Samuir Doumith, who manages Antigua Home Office Depot, on Old Parham Road, just outside St John’s, believed he saw Muhammad in his store as recently as two months ago.

“He asked about rattan furniture,” Doumith was quoted as saying.

Employees of one local bank recall him doing business at their branch, but said there was nothing suspicious about him.

Muhammad and Malvo appeared in court yesterday and were ordered detained in custody. Neither has been charged with the shootings, but law enforcement sources said that investigators were certain they had cracked the case.

One source, speaking on condition of anonymity, said a gun found in the suspects’ car appeared to use .223-calibre bullets — the fatal calling card in the attacks that began October 2 with the killing of James D Martin in a grocery store parking lot in Wheaton, Maryland.

The weapon found in the Chevrolet Caprice was a Bushmaster rifle, according to a law enforcement source.

The AR-15 is the civilian form of the M-16 military assault rifle. As a soldier, Muhammad received a Marksmanship Badge with expert rating — the highest of three ratings — in use of the M-16, according to US Army records. Police also found a scope and tripod in the car, the official said.

In handcuffs and a green prison jumpsuit, Muhammad was ordered held without bail when he appeared in federal court in Baltimore. The courthouse was patrolled by a dozen federal marshals armed with high-powered rifles.
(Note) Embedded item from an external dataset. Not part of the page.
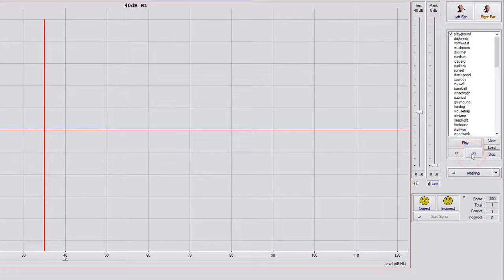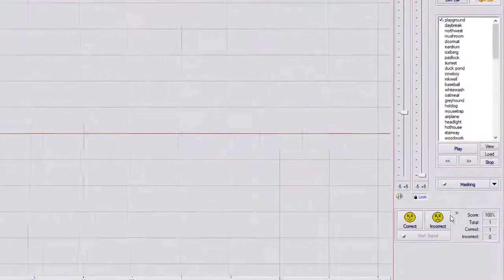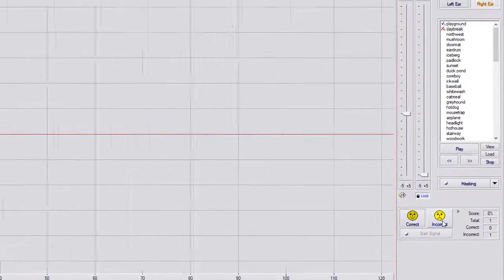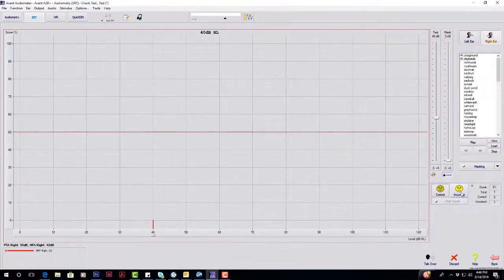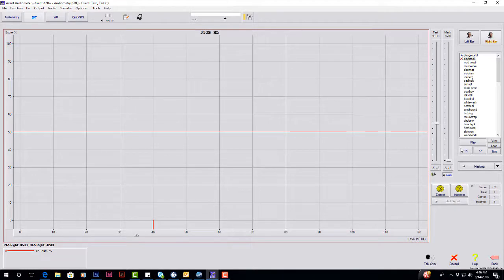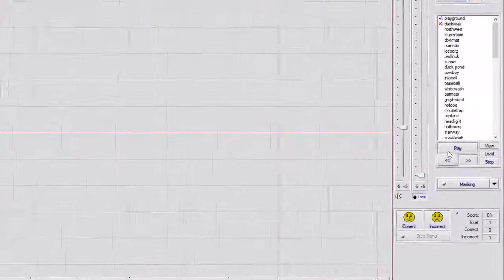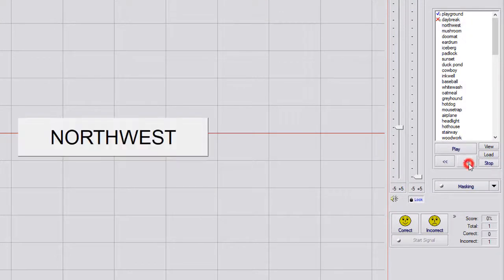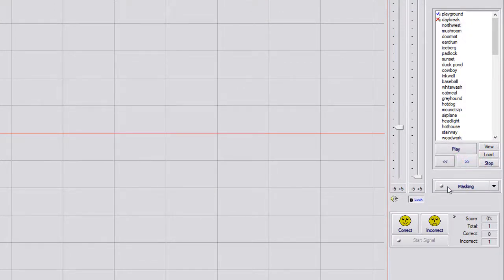It's going to say the word Daybreak. They got that one incorrect. You'll hit Incorrect here. Make your adjustment, and then hit the next arrow. Northwest. They got that one correct.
Muhammad is due back in court Tuesday on a federal firearms charge stemming from a 2000 court order in Tacoma, Washington, that barred Muhammad from harassing or using force against an ex-wife and children.

US District Court Magistrate Beth P Gesner made no mention of the sniper killings. Muhammad spoke little during the 10-minute hearing. When Gesner asked him if he understood the charge, he quietly answered, “Yes, ma’am”.

Malvo is considered by the court to be a juvenile, and all of his proceedings are closed.

The suspects, it seems, might have been tripped up by their own arrogance; authorities said they received a call on the task force tip line taking responsibility for the sniper attacks and for an incident in Montgomery, Alabama.

Evidence from a September 21 robbery attempt outside a liquor store in Montgomery, which killed one employee and wounded another, then led police to Malvo and Muhammad.

Investigators haven’t ruled out other accomplices, including some who may have provided vehicles or other support.

But who were these two, and why might they have unleashed terror on Maryland, Virginia and the District of Columbia?

Muhammad and Malvo are said to have been known to speak sympathetically about the hijackers who attacked the World Trade Centre and the Pentagon in September 2001, but were not linked to bin Laden’s terrorist cells.

Muhammad did not receive sniper training during his Army career. Muhammad had training in three areas, mainly as a combat engineer, which was his specialty during the time he served in the 1991 Gulf War.

He was also trained as a metal worker and a water transport specialist.

Muhammad enlisted in the Army on November 6, 1985, and was discharged at Fort Lewis on April 26, 1994. After leaving active duty he served in the Oregon National Guard until 1995. Before coming on active duty, he served in the Louisiana National Guard from 1978 to 1985.